"Les choses n'auraient pas dû se passer comme ça" déclarent les vigiles jugés devant les assises du Rhône où ils sont jugés depuis jeudi 19 novembre. Ils sont accusés d'avoir, en 2009, provoqué la mort d'un jeune homme de 25 ans qui avait volé une bouteille dans le magasin.
En revoyant les images des caméras de vidéo surveillance, les quatre vigiles ont fait part de leurs remords et regrets face aux derniers instants de la victime, Michael Blaise.
Suspecté d'avoir volé une bouteille d'alcool, il avait 25 ans lorsqu'il est mort.

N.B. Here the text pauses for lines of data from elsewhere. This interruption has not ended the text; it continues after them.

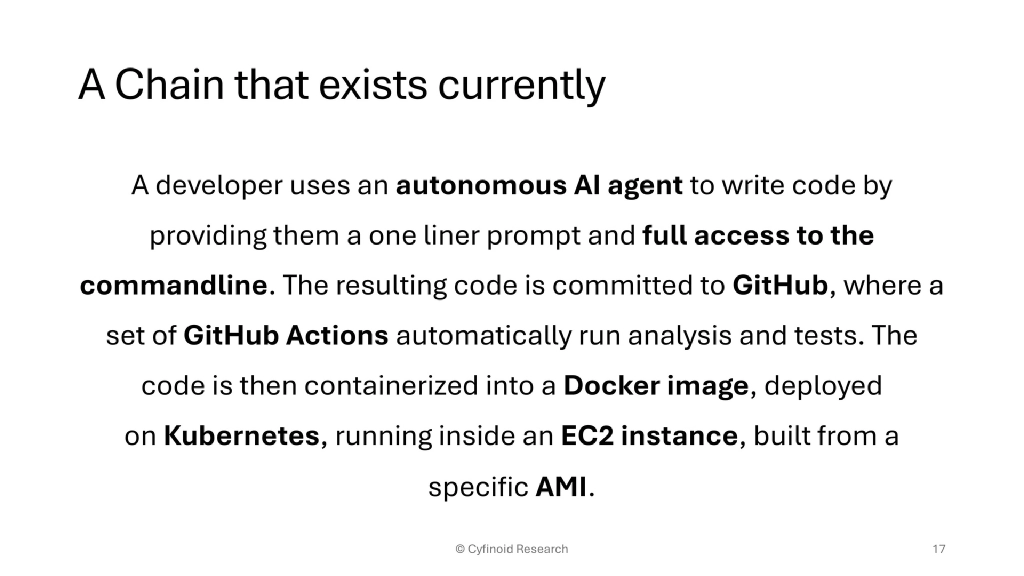 Slide 17 of Beyond Dependencies: The Real Picture of Software Supply Chain Security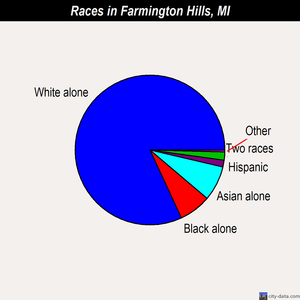 Farmington Hills races chart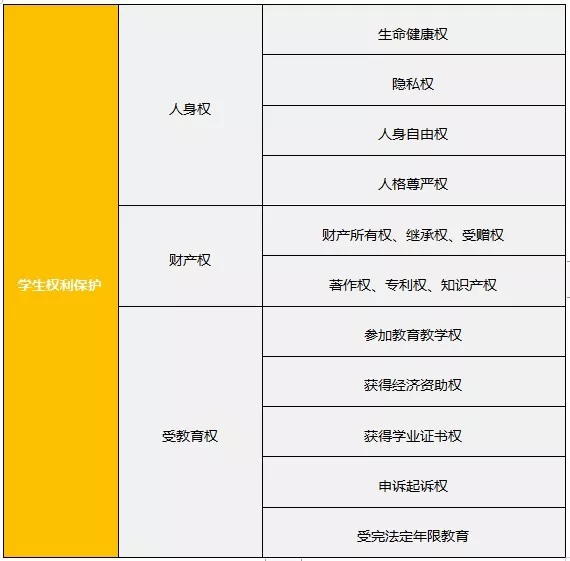 教師資格證《綜合素質》核心考點速記，讓你考試輕松提高30分(圖1)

C'est après avoir été maîtrisé et plaqué par quatre vigiles dans un local de sécurité de l'hypermarché Carrefour, du centre commercial de la Part-Dieu à Lyon, le 28 décembre 2009, que le jeune homme est décédé.
Comment ce petit larcin, "trois fois rien" selon un accusé a-t-il pu déboucher sur cette "tragédie"?
"Ce jour-là rien ne préparait à ce que ça se passe de la sorte, je suis consterné, je vis avec ça depuis cinq ans, je n'ai pas encore toutes les réponses à ce qui s'est passé", déclare Jean-Pierre Lops, l'un des quatre vigiles renvoyés devant les assises pour des violences volontaires commises en réunion
ayant entraîné la mort sans intention de la donner.
Captés par une caméra de vidéosurveillance, les derniers instants de la victime avant sa perte de connaissance ont été diffusés à la cour d'assises, jeudi 19 novembre en début de soirée.
Présenté à l'époque des faits comme "une mort en direct", ce film offre-t-il une réponse claire à la question posée à la cour d'assises?
Chaque séquence de la bande vidéo a en tout cas été décortiquée par les parties et l'accusation sous le regard digne de la famille de la victime.
Qu'ont vu les jurés? Michael Blaise accompagné d'amis qui traînent dans les allées bondés de l'hypermarché. Casse une bouteille. En manipule une autre qui disparait. L'a-t-il vraiment volée ? L'accusation et la défense se perdent en conjectures.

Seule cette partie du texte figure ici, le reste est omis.